Process Wrap Up
In this chapter, we looked at the famed operating system abstraction of the process. We discussed the generalities of the process, why it is important, and the relationship between processes and threads. We then discussed how Linux stores and represents processes (with task_struct and thread_info), how processes are created (via clone() and fork()), how new executable images are loaded into address spaces (via the exec() family of system calls), the hierarchy of processes, how parents glean information about their deceased children (via the wait() family of system calls), and how processes ultimately die (forcefully or intentionally via exit()).
The process is a fundamental and crucial abstraction, at the heart of every modern operating system, and ultimately the reason we have operating systems altogether (to run programs).

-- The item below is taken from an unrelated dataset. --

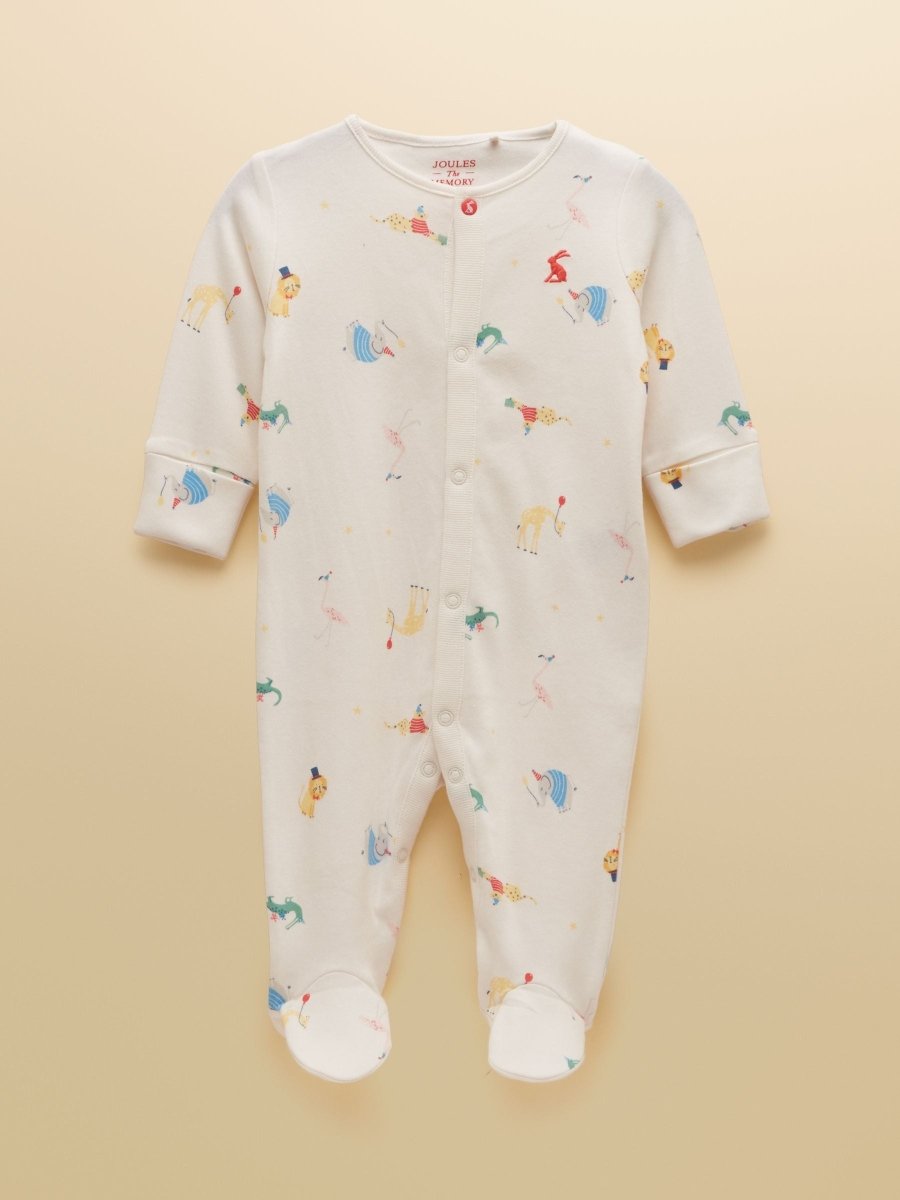 Razamataz Cream Animals Cotton Babygrow - RUTHERFORD & Co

The next chapter discusses process scheduling, which is the delicate and interesting manner in which the kernel decides which processes to run, at what time, and in what order.
Footnotes
The kernel implements the wait4() system call. Linux systems, via the C library, typically provide the wait(), waitpid(), wait3(), and wait4() functions. All these functions return status about a terminated process, albeit with slightly different semantics.
Some texts on operating system design call this list the task array. Because the Linux implementation is a linked list and not a static array, it is called the task list.
Register-impaired architectures were not the only reason for creating struct thread_info.
An opaque type is a data type whose physical representation is unknown or irrelevant.
This is why you have those dreaded unkillable processes with state D in ps(1). Because the task will not respond to signals, you cannot send it a SIGKILL signal. Further, even if you could terminate the task, it would not be wise as the task is supposedly in the middle of an important operation and may hold a semaphore.
Other than process context there is interrupt context, which we discuss in Chapter 6, "Interrupts and Interrupt Handlers." In interrupt context, the system is not running on behalf of a process, but is executing an interrupt handler. There is no process tied to interrupt handlers and consequently no process context.
By exec() I mean any member of the exec() family of functions. The kernel implements the execve() system call on top of which execlp(), execle(), execv(), and execvp() are implemented.
Amusingly, this does not currently function correctly, although the goal is for the child to run first.
In fact, there are currently patches to add this functionality to Linux. In time, this feature will most likely find its way into the mainline Linux kernel.
As an example, benchmark process creation time in Linux versus process (or even thread!) creation time in these other operating systems. The results are quite nice.